* **Input data**
+ + + +
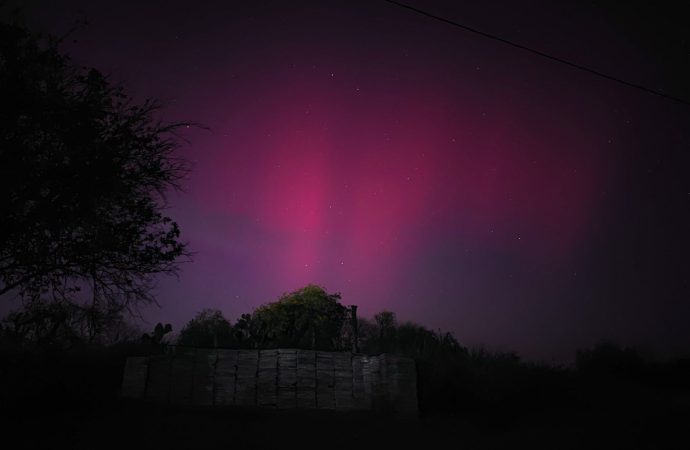 SE AVISTAN AURORAS BORRALES EN SONORA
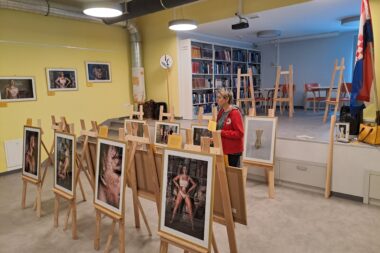 U delničkoj knjižnici "Janet Majnarich" postavljena je izložba "Zlatna kora" koja se može pogledati do 15. travnja / Foto M. KRMPOTIĆ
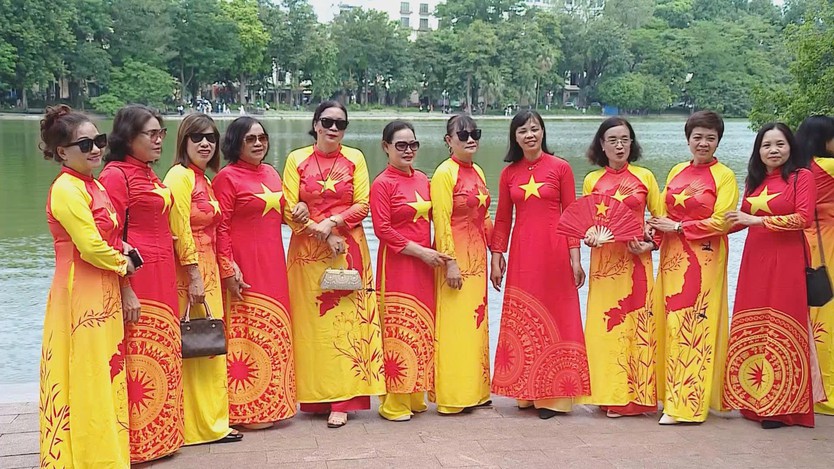 Hà Nội rực rỡ cờ hoa, người dân hân hoan chào đón không khí Quốc khánh 2/9 - Ảnh 2.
+ + + +
* **Exercise description**
All of the listing is to be written out exactly, with the pictures left out.

* **Answer to the problem**
 SE AVISTAN AURORAS BORRALES EN SONORA
 U delničkoj knjižnici "Janet Majnarich" postavljena je izložba "Zlatna kora" koja se može pogledati do 15. travnja / Foto M. KRMPOTIĆ
 Hà Nội rực rỡ cờ hoa, người dân hân hoan chào đón không khí Quốc khánh 2/9 - Ảnh 2.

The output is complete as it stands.